All in all, the work part of the day was a success.  On the extra A+ side, my super office lockdown consisting of a locked door, “Meeting in session” sign, and closed blinds allow me to pump in peace! Towards the end of the day, I could feel my heart bursting with excitement to see Vivi. She was a little cranky when I picked her up from Grandma L’s house, and it melted my heart to know that a little comforting from me quieted her right down.  It was rough to only have about an hour and a half to play and dance with her before her bedtime, but we made the most of it, and I tried to soak up every minute.
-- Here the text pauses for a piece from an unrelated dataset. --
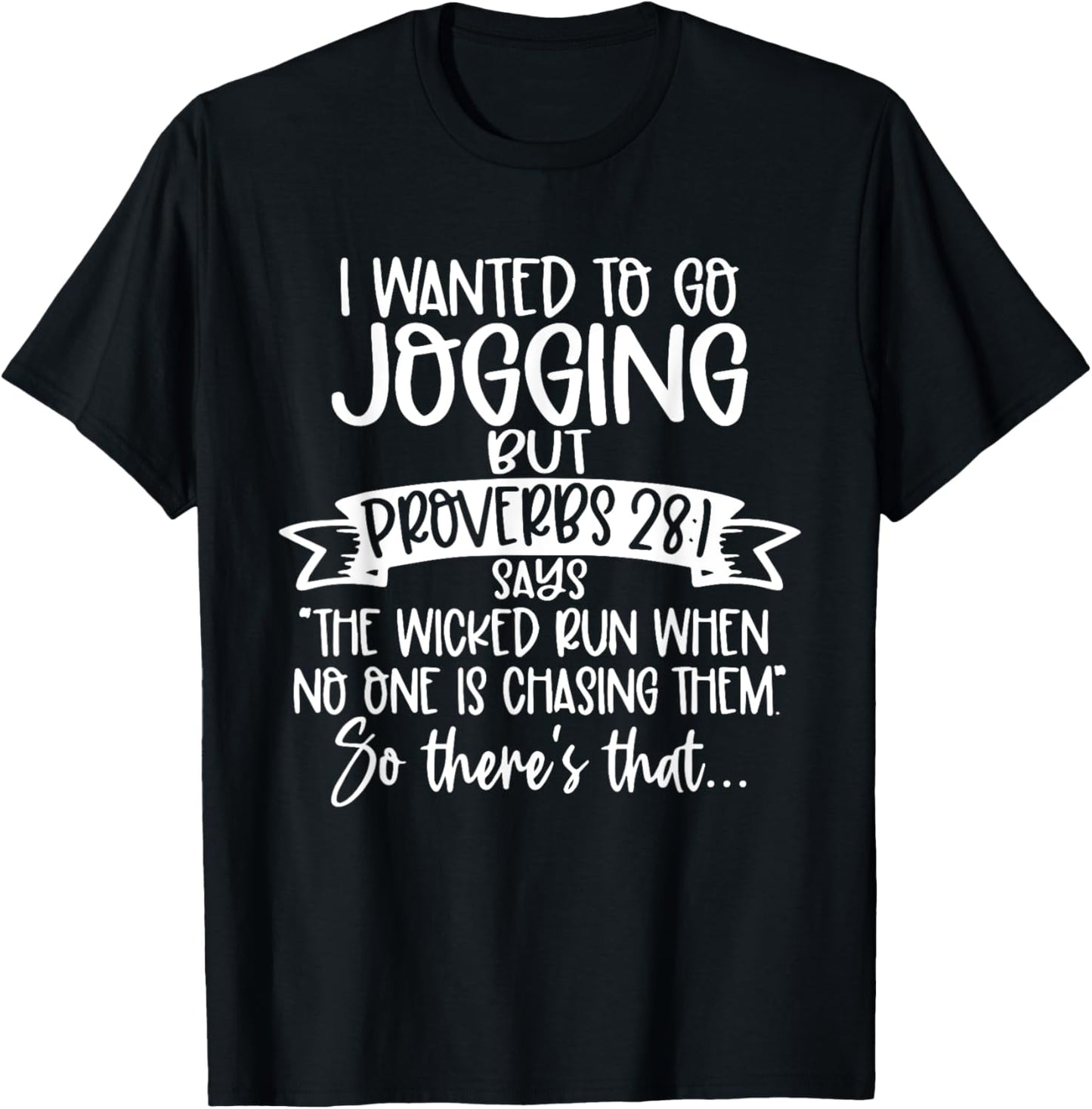 The Wicked Run When No One Is Chasing Funny Religious T-Shirt - T-Shirt | Black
But, as everyone told me it would, the mommy guilt starts.  So far, it is focused on how well I have adjusted so far.  Granted, it has only been 2 days, but I haven’t cried at all since I returned.  I shed a few tears Sunday night, but not a drop on Monday morning or this morning.  Part of me thinks that’s good! No seperation anxiety! Good adjustment for all! But the Mom part of me says “OMG YOU ARE A TERRIBLE MOTHER! You need to want to be with your baby all the time every single second of the day!”   It’s hard to admit this, but I do need to work. I do need adult interaction and intellectual stimulation.  I want to feel the need to snatch Vivi up as soon as I walk in the door, instead of handing her off to Bob when he returns from work.

It will break my heart to miss some of her “firsts”, but I couldn’t be happier that her Grandparents will be the ones to relay that news to us. I hope to learn to acknowledge and confront these feelings and realize that needing my job will make me a rockin’ Mom.